Welcome to ‘Cabaret’
By DANA
DUGAN
Express Staff Writer
Willkommene
mien Damen und Herren. The brilliant 36-year-old musical
"Cabaret" is gracing the valley boards for one week at the
nexStage Theatre in Ketchum.
What luck,
what joy, what daring drama.
The
dancing portion of the Cabaret Cast. Courtesy Photo
As musicals
go this one is on the darker side for the Laughing Stock Theater Company,
who’s producing the show. But it remains a treat for the audience, for
its witty songs, high energy dancing, indelible characters, and for the
fact that the audience is induced to become part of the action.
The
theater, itself, including the lobby, will be arranged cabaret style so
that tables of the customers will be enmeshed with the action in the club
scenes.
Some scenes
have been staged to occur in the audience, and during the pre-play period
and intermission, actors will be working the room in character and
costume. So, be ready to submerge yourself in Berlin at its most decadent.
Based on
Christopher Isherwood’s diaries, called "Berlin Stories,"

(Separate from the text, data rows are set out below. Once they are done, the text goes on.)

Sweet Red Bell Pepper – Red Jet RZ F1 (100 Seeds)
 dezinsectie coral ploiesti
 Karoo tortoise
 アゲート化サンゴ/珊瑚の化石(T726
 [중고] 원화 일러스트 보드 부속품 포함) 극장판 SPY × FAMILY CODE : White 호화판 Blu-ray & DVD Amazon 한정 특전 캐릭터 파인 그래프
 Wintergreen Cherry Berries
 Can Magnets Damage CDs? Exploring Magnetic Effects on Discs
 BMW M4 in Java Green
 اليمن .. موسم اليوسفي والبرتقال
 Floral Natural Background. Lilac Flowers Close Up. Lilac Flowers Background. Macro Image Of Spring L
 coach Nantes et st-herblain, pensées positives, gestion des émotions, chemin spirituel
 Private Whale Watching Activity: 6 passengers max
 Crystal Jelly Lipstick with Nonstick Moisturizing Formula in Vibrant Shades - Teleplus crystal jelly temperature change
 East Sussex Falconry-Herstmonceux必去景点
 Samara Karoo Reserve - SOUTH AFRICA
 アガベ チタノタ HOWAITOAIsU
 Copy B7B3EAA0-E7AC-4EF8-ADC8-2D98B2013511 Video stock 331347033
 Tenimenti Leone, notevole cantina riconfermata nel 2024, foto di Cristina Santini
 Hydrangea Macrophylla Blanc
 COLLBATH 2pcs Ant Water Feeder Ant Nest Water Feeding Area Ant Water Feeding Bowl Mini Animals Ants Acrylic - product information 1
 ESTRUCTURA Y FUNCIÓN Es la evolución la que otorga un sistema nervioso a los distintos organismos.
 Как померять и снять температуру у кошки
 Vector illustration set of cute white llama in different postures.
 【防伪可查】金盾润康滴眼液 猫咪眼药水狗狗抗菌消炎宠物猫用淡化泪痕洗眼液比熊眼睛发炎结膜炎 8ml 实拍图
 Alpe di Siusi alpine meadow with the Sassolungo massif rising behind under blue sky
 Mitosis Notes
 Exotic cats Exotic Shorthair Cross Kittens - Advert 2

"Cabaret" was written by John Kander and Fred Ebb. It debuted on
Broadway in 1966, and won many Tony Awards. Then it was made into an
Oscar-winning venue for the young Liza Minnelli, as Sally Bowles, in the
highly successful movie in 1972.
The play
has enjoyed two revivals on Broadway, and the most recent one won yet more
Tony Awards. After four years it continues to draw enthusiastic theater
crowds to its current home in the old Studio 54.
Directed by
veteran actress, singer and dancer, Jennifer Perry, who wowed the Wood
River Valley as Aldonza in "Man of La Mancha" last fall,
"Cabaret" is centered around a young American writer, Cliff,
played by Dawson Howard.
He moves
into a somewhat seedy boarding house, hoping to find inspiration and
material for a novel. Cliff becomes involved in the lives of several
people, including his landlady, played by Patty Parsons and the performers
at the Kit Kat Klub. The activities at the club are typical of Berlin
night life in the late 1930's, and also serve as a metaphor for the
chaotic world outside, and the rise of Nazism.
Parsons
also is the show’s musical director.
Notable
among the cast is the Emcee, whose antics are performed endearingly with
plenty of camp, by Steve Pruitt. The eccentric singer Cliff befriends is
Sally Bowles played in this production by Sarah Bradshaw, who also served
as an assistant choreographer under Perry.
Cliff and
the other characters contend with personal problems, as well as the
changing politics of the pre-Hitler Berlin.
Also in the
cast are Matt Gorby, Rachel Aanestad, and Tom Crais, nine female dancers
and singers known as the Kit Kat Girls, and a three men chorus.
We wanted
to come up with our own version, and find our own style," said Perry,
who employs choreography inspired by the famous Bob Fosse choreography
from the original show and the movie. "What I like is that this, like
the revival is edgier," Perry said.
But she
says this version is brighter in style and in costuming than the current
run in New York.
"What
we’re exposing is the evil, but we’re not judging. We’re just
telling the story. It’s sexy and fun and Fosse-esque."
Tickets are
available for "Cabaret" at the theater on Main Street and
Chapter One Bookstore, both in Ketchum. They cost $36 for seats in front
row tables and $28 for seats at other tables. Tables are either seating
for four or six people.
"I
think the audience will be moved," Perry said.